You can check if the IP address has a hostname by using the nslookup commandline tool: nslookup 192.168.2.139. If it returns something like:
** server can't find 139.2.168.192.in-addr.arpa: NXDOMAIN (Linux) or *** can't find 192.168.2.139: Non-existent domain (Windows) then there is no hostname.
Reason 2: a security manager is applied
By default, Java doesn't have a security manager enabled. In that case, this reason doesn't apply.
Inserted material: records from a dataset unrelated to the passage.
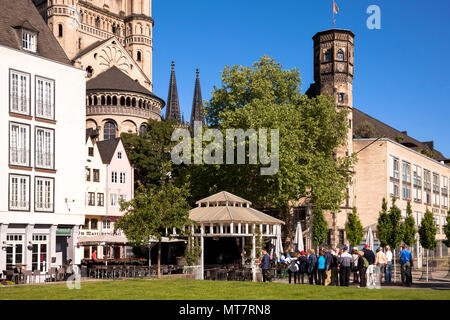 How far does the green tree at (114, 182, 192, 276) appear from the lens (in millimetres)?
33469

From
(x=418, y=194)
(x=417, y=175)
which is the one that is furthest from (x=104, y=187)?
(x=418, y=194)

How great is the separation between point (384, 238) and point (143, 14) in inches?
2611

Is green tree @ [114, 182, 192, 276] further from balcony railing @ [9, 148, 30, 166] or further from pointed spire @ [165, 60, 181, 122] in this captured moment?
pointed spire @ [165, 60, 181, 122]

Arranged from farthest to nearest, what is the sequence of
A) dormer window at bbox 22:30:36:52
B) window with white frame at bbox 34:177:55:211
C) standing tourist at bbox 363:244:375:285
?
dormer window at bbox 22:30:36:52, window with white frame at bbox 34:177:55:211, standing tourist at bbox 363:244:375:285

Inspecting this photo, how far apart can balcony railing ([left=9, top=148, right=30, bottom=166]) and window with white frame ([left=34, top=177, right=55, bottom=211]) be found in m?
1.38

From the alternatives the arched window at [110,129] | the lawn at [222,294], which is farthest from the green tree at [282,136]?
the arched window at [110,129]

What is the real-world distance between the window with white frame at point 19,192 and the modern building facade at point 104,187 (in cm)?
1959

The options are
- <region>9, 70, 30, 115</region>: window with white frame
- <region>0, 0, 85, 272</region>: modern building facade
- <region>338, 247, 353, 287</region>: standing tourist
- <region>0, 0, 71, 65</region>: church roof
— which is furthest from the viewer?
<region>0, 0, 71, 65</region>: church roof

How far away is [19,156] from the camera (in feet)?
126

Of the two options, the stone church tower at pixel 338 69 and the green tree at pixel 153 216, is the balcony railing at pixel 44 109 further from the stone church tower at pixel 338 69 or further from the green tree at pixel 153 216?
the stone church tower at pixel 338 69

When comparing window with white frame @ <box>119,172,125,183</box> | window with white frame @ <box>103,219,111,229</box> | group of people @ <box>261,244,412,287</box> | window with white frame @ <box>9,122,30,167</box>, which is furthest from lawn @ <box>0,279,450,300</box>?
window with white frame @ <box>119,172,125,183</box>

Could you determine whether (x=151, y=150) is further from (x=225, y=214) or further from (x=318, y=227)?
(x=225, y=214)

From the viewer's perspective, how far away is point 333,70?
212 ft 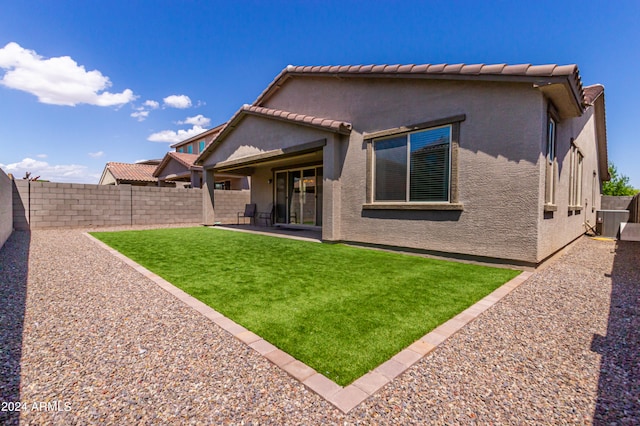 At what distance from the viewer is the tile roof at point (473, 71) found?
5.20 metres

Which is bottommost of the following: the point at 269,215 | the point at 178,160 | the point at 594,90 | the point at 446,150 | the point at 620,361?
the point at 620,361

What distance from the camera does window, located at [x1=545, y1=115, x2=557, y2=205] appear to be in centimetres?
610

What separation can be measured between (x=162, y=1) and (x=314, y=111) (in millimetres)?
7124

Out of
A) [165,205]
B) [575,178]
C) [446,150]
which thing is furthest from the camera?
[165,205]

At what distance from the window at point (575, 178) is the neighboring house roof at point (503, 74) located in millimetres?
2581

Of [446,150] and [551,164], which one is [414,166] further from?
[551,164]

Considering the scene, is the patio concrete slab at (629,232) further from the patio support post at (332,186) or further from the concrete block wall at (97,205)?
the concrete block wall at (97,205)

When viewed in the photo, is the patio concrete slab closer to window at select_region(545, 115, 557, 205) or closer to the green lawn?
window at select_region(545, 115, 557, 205)

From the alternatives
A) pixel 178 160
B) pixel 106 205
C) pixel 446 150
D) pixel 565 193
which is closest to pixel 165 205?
pixel 106 205

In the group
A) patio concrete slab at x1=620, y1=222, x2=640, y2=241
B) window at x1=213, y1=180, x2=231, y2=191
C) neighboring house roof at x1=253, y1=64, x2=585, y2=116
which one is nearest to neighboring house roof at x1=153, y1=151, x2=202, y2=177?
window at x1=213, y1=180, x2=231, y2=191

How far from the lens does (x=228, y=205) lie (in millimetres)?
17062

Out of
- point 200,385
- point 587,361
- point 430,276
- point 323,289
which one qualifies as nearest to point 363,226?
point 430,276

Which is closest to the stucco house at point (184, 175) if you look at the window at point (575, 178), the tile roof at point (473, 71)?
the tile roof at point (473, 71)

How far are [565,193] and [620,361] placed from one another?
731cm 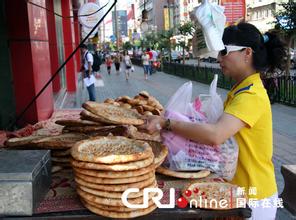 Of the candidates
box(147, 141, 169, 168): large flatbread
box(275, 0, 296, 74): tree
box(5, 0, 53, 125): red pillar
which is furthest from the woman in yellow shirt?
box(275, 0, 296, 74): tree

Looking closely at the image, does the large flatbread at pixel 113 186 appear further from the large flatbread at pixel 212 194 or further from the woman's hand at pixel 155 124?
the woman's hand at pixel 155 124

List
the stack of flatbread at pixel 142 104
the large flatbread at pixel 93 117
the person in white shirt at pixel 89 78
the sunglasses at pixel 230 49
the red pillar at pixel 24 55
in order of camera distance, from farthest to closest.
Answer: the person in white shirt at pixel 89 78 < the red pillar at pixel 24 55 < the stack of flatbread at pixel 142 104 < the large flatbread at pixel 93 117 < the sunglasses at pixel 230 49

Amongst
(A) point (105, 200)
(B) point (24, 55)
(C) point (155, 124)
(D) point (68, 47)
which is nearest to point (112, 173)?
(A) point (105, 200)

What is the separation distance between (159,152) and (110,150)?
45 centimetres

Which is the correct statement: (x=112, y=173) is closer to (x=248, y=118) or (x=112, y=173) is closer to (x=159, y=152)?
(x=159, y=152)

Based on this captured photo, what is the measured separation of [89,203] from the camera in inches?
80.7

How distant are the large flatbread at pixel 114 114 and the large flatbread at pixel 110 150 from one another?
317 millimetres

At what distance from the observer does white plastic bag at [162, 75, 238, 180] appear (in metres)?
2.47

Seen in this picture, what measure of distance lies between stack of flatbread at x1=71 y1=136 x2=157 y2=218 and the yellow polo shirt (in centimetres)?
62

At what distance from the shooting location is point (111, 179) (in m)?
1.98

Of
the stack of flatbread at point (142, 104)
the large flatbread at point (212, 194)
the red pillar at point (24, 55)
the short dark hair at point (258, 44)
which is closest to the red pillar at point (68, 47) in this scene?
the red pillar at point (24, 55)

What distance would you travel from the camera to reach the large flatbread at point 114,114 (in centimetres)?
272

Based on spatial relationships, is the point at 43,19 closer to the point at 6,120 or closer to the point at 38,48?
the point at 38,48

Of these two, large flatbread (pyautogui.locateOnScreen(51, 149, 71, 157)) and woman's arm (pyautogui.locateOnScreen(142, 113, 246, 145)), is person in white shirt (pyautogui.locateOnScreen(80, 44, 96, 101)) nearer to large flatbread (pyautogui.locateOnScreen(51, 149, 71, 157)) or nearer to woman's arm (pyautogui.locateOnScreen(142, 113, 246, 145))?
large flatbread (pyautogui.locateOnScreen(51, 149, 71, 157)) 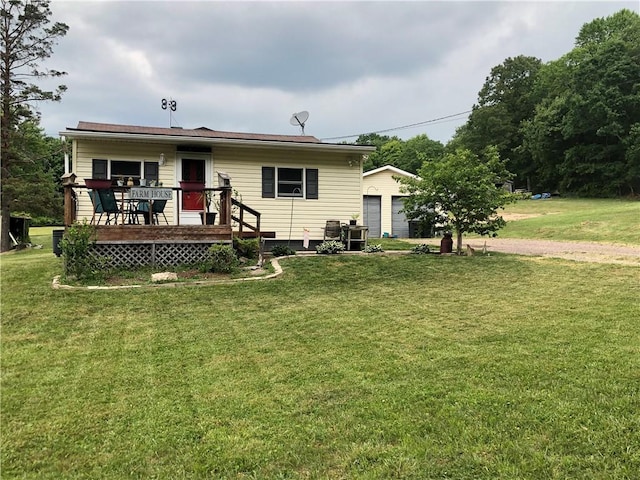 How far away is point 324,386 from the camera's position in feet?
11.0

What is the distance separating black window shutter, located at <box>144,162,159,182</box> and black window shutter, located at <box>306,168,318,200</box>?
389 centimetres

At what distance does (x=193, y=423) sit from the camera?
2.81 m

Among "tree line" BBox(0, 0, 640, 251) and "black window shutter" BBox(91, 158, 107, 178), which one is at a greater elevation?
"tree line" BBox(0, 0, 640, 251)

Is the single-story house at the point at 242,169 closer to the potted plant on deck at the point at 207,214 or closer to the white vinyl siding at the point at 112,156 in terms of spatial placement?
the white vinyl siding at the point at 112,156

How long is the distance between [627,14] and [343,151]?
49.8 m

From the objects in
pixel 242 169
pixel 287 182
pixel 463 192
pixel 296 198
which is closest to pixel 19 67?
pixel 242 169

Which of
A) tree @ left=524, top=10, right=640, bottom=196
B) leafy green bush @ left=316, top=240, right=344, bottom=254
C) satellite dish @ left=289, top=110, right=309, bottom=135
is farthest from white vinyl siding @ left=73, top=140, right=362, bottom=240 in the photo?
tree @ left=524, top=10, right=640, bottom=196

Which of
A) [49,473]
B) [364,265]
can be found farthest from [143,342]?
[364,265]

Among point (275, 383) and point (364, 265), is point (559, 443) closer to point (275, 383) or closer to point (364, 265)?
point (275, 383)

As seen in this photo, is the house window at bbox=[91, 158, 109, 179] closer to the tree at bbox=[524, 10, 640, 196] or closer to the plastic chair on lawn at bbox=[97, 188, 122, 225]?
the plastic chair on lawn at bbox=[97, 188, 122, 225]

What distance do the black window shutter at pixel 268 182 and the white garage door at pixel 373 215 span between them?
8344 mm

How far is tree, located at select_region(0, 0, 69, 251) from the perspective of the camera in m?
17.6

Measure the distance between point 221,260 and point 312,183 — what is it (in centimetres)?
464

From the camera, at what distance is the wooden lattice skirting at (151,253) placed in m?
8.45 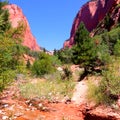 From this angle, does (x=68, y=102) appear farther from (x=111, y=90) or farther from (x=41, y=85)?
(x=41, y=85)

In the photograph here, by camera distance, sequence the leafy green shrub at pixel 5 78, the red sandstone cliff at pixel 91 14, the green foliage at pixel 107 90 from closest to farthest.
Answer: the green foliage at pixel 107 90 → the leafy green shrub at pixel 5 78 → the red sandstone cliff at pixel 91 14

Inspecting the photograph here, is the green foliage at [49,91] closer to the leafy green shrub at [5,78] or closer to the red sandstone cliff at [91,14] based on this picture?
the leafy green shrub at [5,78]

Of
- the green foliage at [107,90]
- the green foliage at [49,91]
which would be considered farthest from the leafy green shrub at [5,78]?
the green foliage at [107,90]

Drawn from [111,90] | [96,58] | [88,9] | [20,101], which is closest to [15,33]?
[20,101]

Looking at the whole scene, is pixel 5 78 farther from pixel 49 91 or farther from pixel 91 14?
pixel 91 14

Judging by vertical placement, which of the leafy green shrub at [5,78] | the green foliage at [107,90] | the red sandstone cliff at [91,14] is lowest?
the green foliage at [107,90]

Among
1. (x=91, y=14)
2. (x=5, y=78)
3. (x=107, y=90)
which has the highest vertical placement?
(x=91, y=14)

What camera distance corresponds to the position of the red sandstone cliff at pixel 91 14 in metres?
131

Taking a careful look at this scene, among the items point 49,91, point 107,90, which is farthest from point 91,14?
point 107,90

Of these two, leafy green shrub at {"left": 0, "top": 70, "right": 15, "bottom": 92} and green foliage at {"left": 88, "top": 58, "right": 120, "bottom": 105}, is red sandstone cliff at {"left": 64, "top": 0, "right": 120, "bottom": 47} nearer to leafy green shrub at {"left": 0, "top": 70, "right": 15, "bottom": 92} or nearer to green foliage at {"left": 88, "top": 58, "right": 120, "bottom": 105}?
green foliage at {"left": 88, "top": 58, "right": 120, "bottom": 105}

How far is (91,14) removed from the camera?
14212 centimetres

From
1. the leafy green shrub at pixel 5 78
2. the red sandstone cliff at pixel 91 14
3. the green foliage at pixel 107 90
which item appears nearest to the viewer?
the green foliage at pixel 107 90

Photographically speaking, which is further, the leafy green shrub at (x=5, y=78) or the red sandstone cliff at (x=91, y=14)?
the red sandstone cliff at (x=91, y=14)

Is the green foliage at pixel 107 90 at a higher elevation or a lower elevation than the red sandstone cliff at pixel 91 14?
lower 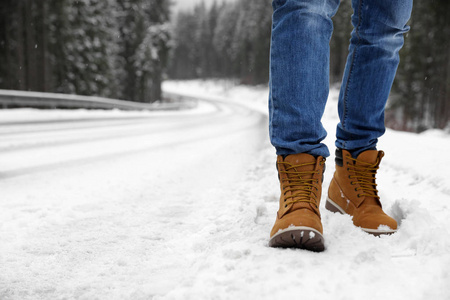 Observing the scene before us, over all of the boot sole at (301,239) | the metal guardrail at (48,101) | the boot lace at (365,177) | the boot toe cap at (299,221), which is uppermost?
the metal guardrail at (48,101)

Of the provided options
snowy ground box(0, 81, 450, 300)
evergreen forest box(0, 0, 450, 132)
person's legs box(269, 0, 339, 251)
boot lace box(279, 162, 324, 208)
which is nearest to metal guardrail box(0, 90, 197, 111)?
snowy ground box(0, 81, 450, 300)

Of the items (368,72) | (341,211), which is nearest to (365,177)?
(341,211)

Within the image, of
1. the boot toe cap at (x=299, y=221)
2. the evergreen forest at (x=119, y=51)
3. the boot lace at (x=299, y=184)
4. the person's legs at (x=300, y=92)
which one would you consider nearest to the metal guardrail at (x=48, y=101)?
the evergreen forest at (x=119, y=51)

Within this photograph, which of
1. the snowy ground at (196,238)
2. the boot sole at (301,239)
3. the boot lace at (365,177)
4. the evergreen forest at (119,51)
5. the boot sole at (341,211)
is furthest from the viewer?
the evergreen forest at (119,51)

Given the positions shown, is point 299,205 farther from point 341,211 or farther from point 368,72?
point 368,72

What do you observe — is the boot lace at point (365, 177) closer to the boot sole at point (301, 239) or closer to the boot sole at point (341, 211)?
the boot sole at point (341, 211)

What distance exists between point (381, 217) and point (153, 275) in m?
0.92

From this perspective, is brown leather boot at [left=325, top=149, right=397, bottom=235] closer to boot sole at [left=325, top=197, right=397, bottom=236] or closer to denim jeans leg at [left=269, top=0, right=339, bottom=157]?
boot sole at [left=325, top=197, right=397, bottom=236]

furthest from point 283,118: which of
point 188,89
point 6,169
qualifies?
point 188,89

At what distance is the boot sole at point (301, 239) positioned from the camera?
1196 millimetres

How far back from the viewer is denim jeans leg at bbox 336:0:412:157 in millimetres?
1622

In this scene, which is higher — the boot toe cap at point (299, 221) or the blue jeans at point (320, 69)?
the blue jeans at point (320, 69)

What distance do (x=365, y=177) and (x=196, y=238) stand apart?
81 cm

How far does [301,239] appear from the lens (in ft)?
3.94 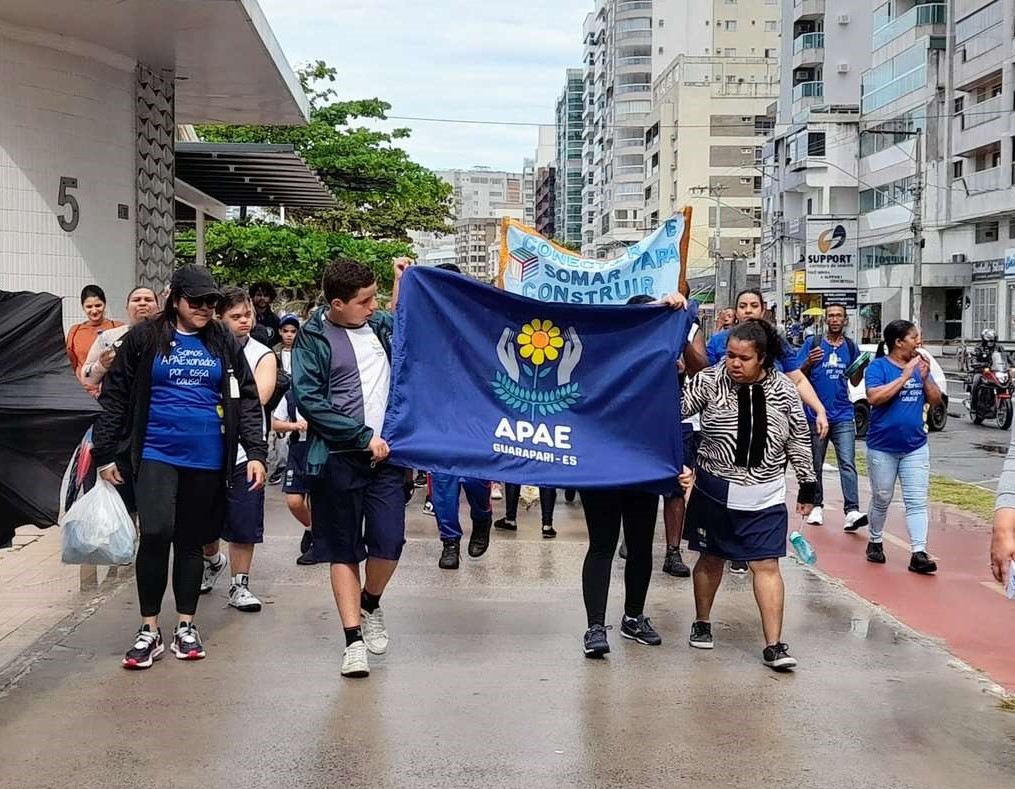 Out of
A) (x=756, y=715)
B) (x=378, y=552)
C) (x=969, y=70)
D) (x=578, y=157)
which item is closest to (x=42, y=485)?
(x=378, y=552)

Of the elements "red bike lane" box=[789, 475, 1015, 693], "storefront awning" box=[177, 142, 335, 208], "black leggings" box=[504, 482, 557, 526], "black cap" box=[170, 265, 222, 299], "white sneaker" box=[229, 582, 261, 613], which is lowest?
"red bike lane" box=[789, 475, 1015, 693]

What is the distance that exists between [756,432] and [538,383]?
1.14 metres

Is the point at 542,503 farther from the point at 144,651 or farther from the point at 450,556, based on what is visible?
the point at 144,651

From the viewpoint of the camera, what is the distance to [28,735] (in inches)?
192

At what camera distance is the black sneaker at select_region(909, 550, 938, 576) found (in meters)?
8.39

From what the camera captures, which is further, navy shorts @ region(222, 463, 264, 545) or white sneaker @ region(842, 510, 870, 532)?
white sneaker @ region(842, 510, 870, 532)

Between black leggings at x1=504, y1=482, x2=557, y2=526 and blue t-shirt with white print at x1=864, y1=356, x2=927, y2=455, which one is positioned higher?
blue t-shirt with white print at x1=864, y1=356, x2=927, y2=455

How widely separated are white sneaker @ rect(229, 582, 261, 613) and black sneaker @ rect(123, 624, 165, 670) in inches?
39.6

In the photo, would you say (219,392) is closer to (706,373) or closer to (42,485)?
(42,485)

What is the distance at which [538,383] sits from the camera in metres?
6.36

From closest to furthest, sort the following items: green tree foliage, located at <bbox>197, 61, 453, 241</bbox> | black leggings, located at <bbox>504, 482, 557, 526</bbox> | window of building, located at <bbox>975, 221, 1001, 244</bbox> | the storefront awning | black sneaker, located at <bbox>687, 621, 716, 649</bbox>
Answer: black sneaker, located at <bbox>687, 621, 716, 649</bbox> → black leggings, located at <bbox>504, 482, 557, 526</bbox> → the storefront awning → green tree foliage, located at <bbox>197, 61, 453, 241</bbox> → window of building, located at <bbox>975, 221, 1001, 244</bbox>

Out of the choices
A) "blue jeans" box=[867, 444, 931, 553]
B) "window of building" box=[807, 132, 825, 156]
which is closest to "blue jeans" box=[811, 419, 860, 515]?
"blue jeans" box=[867, 444, 931, 553]

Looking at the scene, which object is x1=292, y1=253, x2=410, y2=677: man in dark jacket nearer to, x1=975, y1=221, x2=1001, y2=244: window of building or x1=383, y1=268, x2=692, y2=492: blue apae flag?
x1=383, y1=268, x2=692, y2=492: blue apae flag

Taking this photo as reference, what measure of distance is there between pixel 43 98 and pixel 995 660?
972 cm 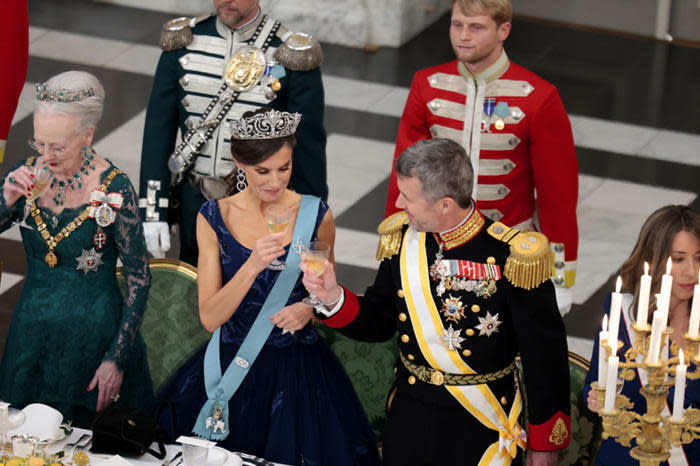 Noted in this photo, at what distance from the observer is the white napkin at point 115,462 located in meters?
3.42

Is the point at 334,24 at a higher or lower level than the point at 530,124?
lower

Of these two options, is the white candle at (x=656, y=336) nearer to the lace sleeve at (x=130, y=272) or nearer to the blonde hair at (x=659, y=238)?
the blonde hair at (x=659, y=238)

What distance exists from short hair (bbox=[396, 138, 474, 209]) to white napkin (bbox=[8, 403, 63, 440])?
1164mm

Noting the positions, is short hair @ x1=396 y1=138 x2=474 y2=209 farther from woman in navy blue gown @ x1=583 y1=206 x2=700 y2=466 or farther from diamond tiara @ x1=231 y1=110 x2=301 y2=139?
woman in navy blue gown @ x1=583 y1=206 x2=700 y2=466

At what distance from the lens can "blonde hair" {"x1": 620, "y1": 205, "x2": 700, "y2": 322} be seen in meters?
3.57

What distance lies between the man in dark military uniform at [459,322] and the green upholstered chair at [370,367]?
0.65 m

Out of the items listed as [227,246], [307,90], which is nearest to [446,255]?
[227,246]

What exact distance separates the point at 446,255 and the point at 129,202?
958mm

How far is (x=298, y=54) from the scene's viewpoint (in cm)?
461

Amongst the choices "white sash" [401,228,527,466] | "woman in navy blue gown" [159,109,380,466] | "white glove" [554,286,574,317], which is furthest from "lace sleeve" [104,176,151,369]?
"white glove" [554,286,574,317]

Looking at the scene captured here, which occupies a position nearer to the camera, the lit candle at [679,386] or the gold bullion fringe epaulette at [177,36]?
the lit candle at [679,386]

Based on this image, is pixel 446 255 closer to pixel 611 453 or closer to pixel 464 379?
pixel 464 379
A security manager is an object that defines a security policy for an application. If you have a security manager and want to find out if it is the cause of your problem, then you should check whether it is allowing you to open a socket to the resolved hostname (if any). To do so, first use nslookup 192.168.2.139 and verify if a hostname is resolved. If no hostname is resolved, then your problem is caused by "Reason 1". If it does resolve to a hostname, for example myhostname, then try this:
SecurityManager sec = System.getSecurityManager();
if (sec != null) {
sec.checkConnect("myhostname", -1);
}
If checkConnect() throws a SecurityException, then a SecurityManager is active and is causing the problem. So then you could look into how you can configure your securityManager to solve the problem.